[Listed records]
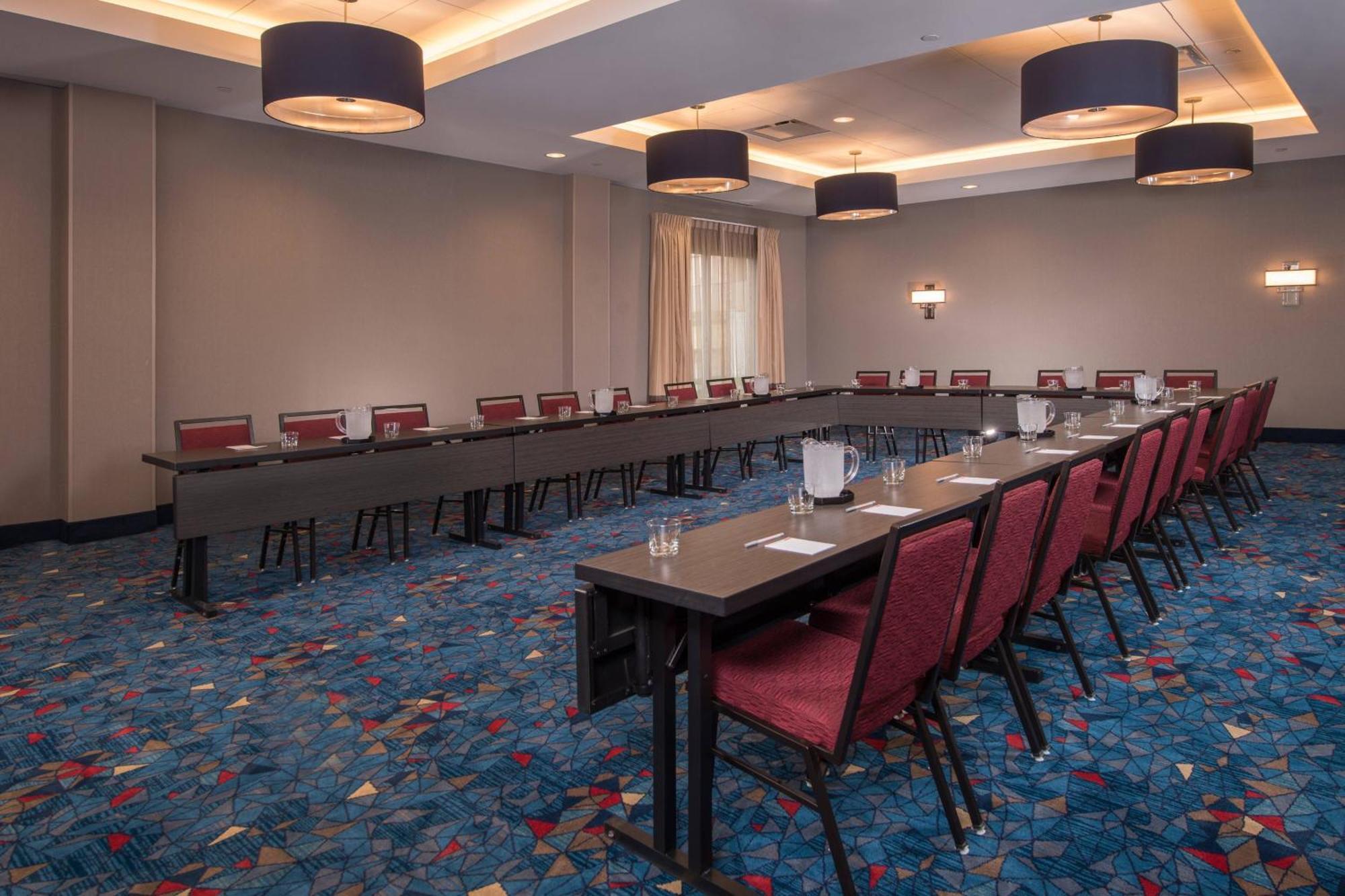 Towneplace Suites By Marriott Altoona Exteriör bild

* * *

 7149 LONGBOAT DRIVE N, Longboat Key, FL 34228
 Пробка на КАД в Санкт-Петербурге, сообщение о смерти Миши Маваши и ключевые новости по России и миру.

[What this task involves]
Please copy, exactly and with nothing else, the lines above beginning at the line that has "7149 LONGBOAT DRIVE" and ending with the line that has "Пробка на КАД".

[Written response]
 7149 LONGBOAT DRIVE N, Longboat Key, FL 34228
 Пробка на КАД в Санкт-Петербурге, сообщение о смерти Миши Маваши и ключевые новости по России и миру.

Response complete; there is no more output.